Looking at the previous replies in the thread I suspect they probably would, but let's wait for one of them to come along and tell us.


----------



## kentix

Sheikhbutt said:


> When you are doing your homework and you say :
> "I am done with my homework lets have some fun" to your friend after the completion of the homework.
> What does it mean?
> Does it nessarily mean that you will not do any sort of further homeworks in your rest of the life?


You're eating dinner and you say, "I'm done with with my soup."

Is it reasonable to think that means "I'll never eat soup again for the rest of my life"?


----------



## tunaafi

No.


----------



## Sheikhbutt

kentix said:


> You're eating dinner and you say, "I'm done with with my soup."
> 
> Is it reasonable to think that means "I'll never eat soup again for the rest of my life"?


So what does it mean to you?


----------



## kentix

It means I'm done eating my soup.

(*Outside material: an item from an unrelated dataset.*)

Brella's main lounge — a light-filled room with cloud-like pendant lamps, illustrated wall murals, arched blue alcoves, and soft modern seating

There is no more left in the bowl.


----------



## Sheikhbutt

It simply mean what I was asking in the case of homework.
I am done with my home work is an alternative of saying I have completed homework.
But I got confuse in post #11.


----------



## kentix

Sheikhbutt said:


> But I got confuse in post #11


That helps a lot in understanding your question. Thanks.


PaulQ said:


> "I *am *done (adjective) with X"


This is a different meaning.

I am done with soup. - I am no longer interested in eating soup anymore at all.

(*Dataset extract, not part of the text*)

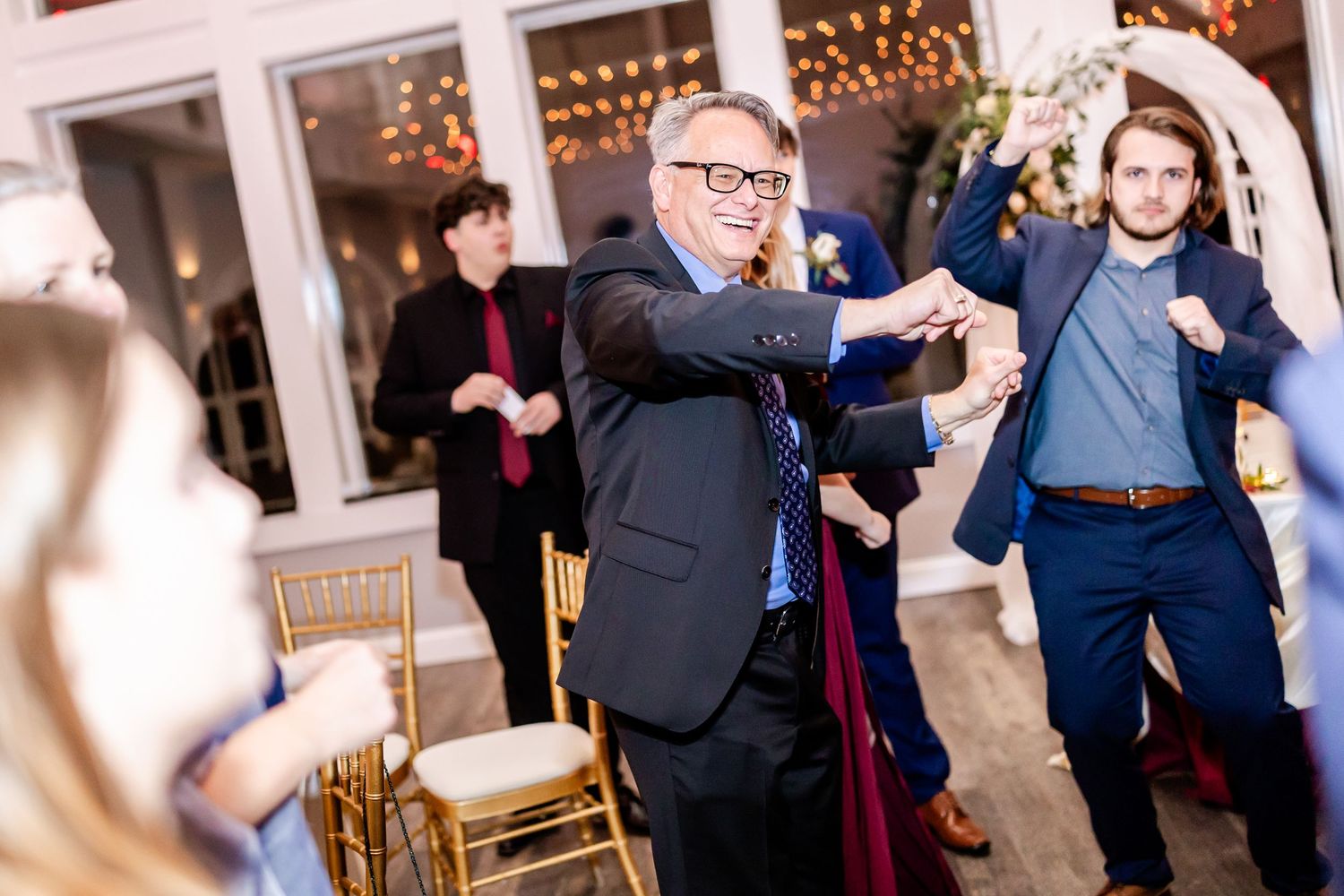 Wedding guests dancing enthusiastically under string lights at an indoor reception.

I am done with *my* soup. - My bowl is empty. I have eaten all the soup that was in my bowl.

In the first sentence, it doesn't say my soup, the soup, his soup, our soup. It just says "soup" so it stands for all soup.


----------



## Sheikhbutt

I am done with soup:
Apply that you no more like soup and you are in mood of eating if you ever get chance to eat it.
I am done with my soup:
The soup which I was eating is finished now and it doesnot apply to whether you will eat or not in future.Right?

And please reply to my post #36 also.


----------



## owlman5

Sheikhbutt said:


> The soup which I was eating is finished now and it doesnot apply to whether you will eat or not in future.Right?


Right.


----------



## Sheikhbutt

Please reply to the post 36 aswell.


----------



## owlman5

Sheikhbutt said:


> I am done with my home work is an alternative _way_ of saying I have completed _my_ homework.


Yes, it is.


----------



## Sheikhbutt

kentix said:


> That helps a lot in understanding your question. Thanks.
> 
> This is a different meaning.
> 
> I am done with soup. - I am no longer interested in eating soup anymore at all.
> 
> I am done with *my* soup. - My bowl is empty. I have eaten all the soup that was in my bowl.
> 
> In the first sentence, it doesn't say my soup, the soup, his soup, our soup. It just says "soup" so it stands for all soup.

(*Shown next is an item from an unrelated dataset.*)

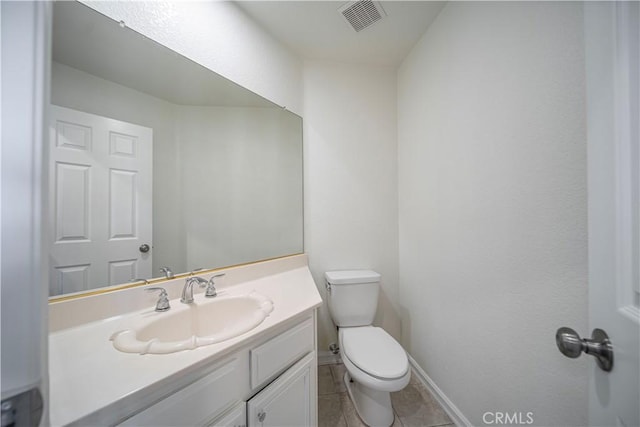 bathroom with baseboards, visible vents, toilet, tile patterned flooring, and vanity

I am done with the soup: can also mean you have eaten all your soup or you are no more interested in eating the specific soup that you are eating, it doesnot apply the soup in general. That you won't eat any soup again, right?
Same as the example in Cambridge dictionary:
I am all done with the vacuuming, is there anything else I can do.DONE | meaning in the Cambridge English Dictionary


----------



## owlman5

Sheikhbutt said:


> I am done with the soup: can also mean you have eaten all your soup or you are no more interested in eating the specific soup that you are eating, it does not apply to the soup in general. That you want eat any soup again, right?


Right. _I am done with *the* soup. =  _I have had enough of the soup that I have been eating. ( Maybe I will eat some more later.)

_I am done with soup.  = I no longer like soup.  I never intend to eat any again._


----------